3しかし見よ、わたしはただの人であり、このように願うことさえも罪である。わたしは主から与えられたもので満足すべきだからである。
4わたしは、公正な神の堅い定めを、わたしの願いによって乱してはならないのである。人が死ぬことを望もうと生きることを望もうと、神が彼らの望むままにされることを知っているからである。まことに、人々が救いを望もうと滅びを望もうと、神は彼らの意のままに、不変の定めを彼らに布告されるということをわたしは知っている。

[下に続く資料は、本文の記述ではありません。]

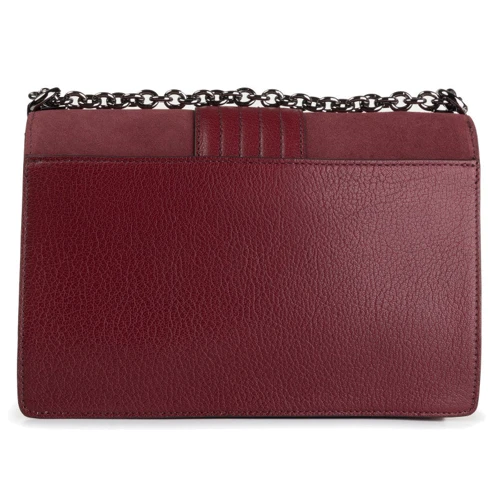 Женская сумка кросс боди Furla Mimi's бордовая (1033477): Тип Сумки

5またわたしは、善と悪がすべての人の前にあることも知っている。善悪の分からない人は、罪のない状態にある。しかし、善悪の分かる人には、善を望もうと悪を望もうと、生を望もうと死を望もうと、喜びを望もうと良心のとがめを望もうと、自分の望むままに与えられるのである。
6さて、わたしはこれらのことを知っていながら、どうして自分の召された務めを果たすこと以上に多くのことを望んでよいだろうか。

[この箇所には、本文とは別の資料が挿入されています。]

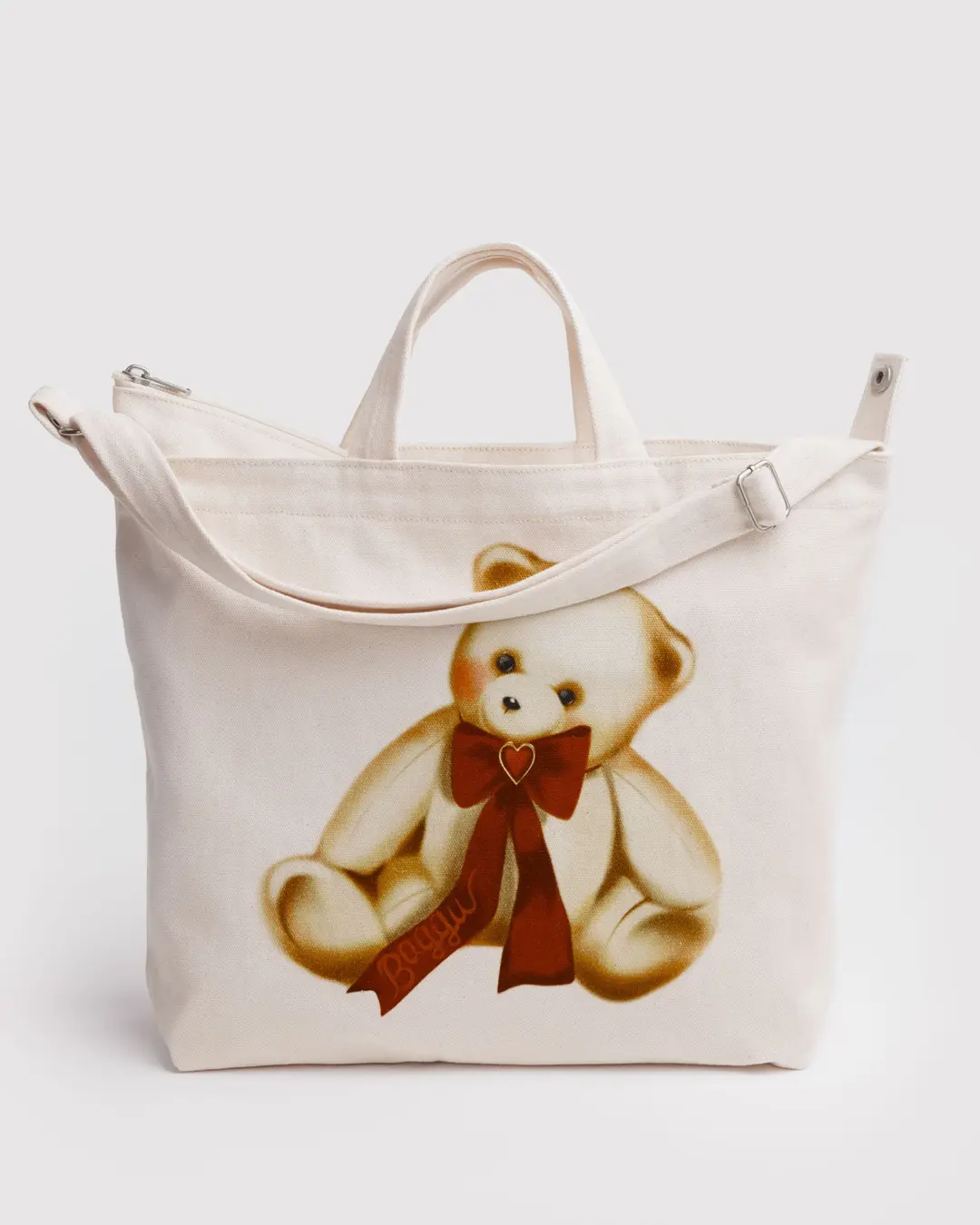 Baggu Horizontal Zip Duck Bag - Image 4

7わたしはどうして、天使になって地の果てに至るすべての人に語ることができればと願ってよいだろうか。
8見よ、主はすべての国民に、その国民を使い、その国民の言葉を使って主の御言葉を教えることを許されるからである。まことに、主は賢明にも、御自分が彼らにとってふさわしいと思われるすべての事柄を教えることを許される。したがって、賢明にも主は正しく真実なことに応じて勧告されるということが、わたしたちには分かるのである。
9わたしは主から命じられた事柄を知っており、それに誇りを感じている。わたしは自分自身のことを誇らないで、主から命じられた事柄を誇る。神の御手に使われる者となって幾人かでも悔い改めに導けること、これがわたしの誇りであり、喜びである。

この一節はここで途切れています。